NEW YORK - Flavia Fontes was talking on the phone when a headline in a small Brazilian newspaper caught her eye: A paraplegic man was forbidden to get married by the Roman Catholic Church because he was impotent.

"I just had such a gut reaction," Fontes says. "I could not believe that the church would do this to somebody who probably had many obstacles in his life."

Even though Fontes, a Brazilian filmmaker living in New York, was already immersed in another project, she decided she needed to capture Hedir Antonio de Brito's story. The result is "Forbidden Wedding," which premieres on the Sundance Channel at 9 p.m. EST Monday.

It is the third documentary Fontes has directed, filmed and produced, and it has appeared in almost 20 film festivals, capturing three awards.

De Brito was two weeks away from marrying Elzimar de Lourdes Serafim, a widow, in August 1996, when he received a shocking letter from the local bishop denying their application for a marriage certificate. According to canon law, any man or woman who is impotent and unable to have intercourse cannot get married.

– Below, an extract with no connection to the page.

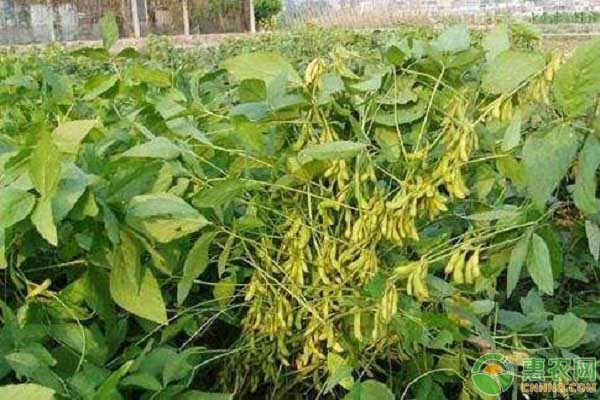 大豆葉面肥的噴施技巧及注意事項(xiàng)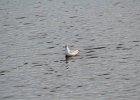 Bonaparte's Gull (100)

De Brito wrote a letter to Pope John Paul II to appeal the bishop's decision, but didn't get a response.

The invitations had already been mailed and the couple were determined to get married, even if it meant going against the church.

De Brito, a leading disability advocate in Brazil, felt the church was discriminating against him, so he wrote to a local radio station. His letter was read on the air, awakening the town of Patrocinio to the couple's plight, and support for them spread across Brazil, eventually catching the attention of international media.

After de Brito agreed to share his story with Fontes, she spent the next two weeks in Patrocinio talking with the couple, their families, townspeople and local priests. Although many were sympathetic, few were willing to talk to Fontes on camera for fear of retaliation from the church.

About 73 percent of Brazil's 183 million people are Catholic, making it the world's most populous Catholic country.

"It's very unusual for somebody of that social class to stand up against the church," the 44-year-old filmmaker said.

De Brito came from a religious family, and his mother initially opposed his marriage. Over time, she accepted her son's relationship with Serafim but, in turn, was ostracized by her friends because he was speaking out against the church.

Fontes herself was raised Catholic but said her views had grown distant from the church's over the years.

"With all the problems in Brazil - the poverty, the lack of education - I couldn't believe the church would get involved in someone's sex life," she said in an interview. "It was appalling to me."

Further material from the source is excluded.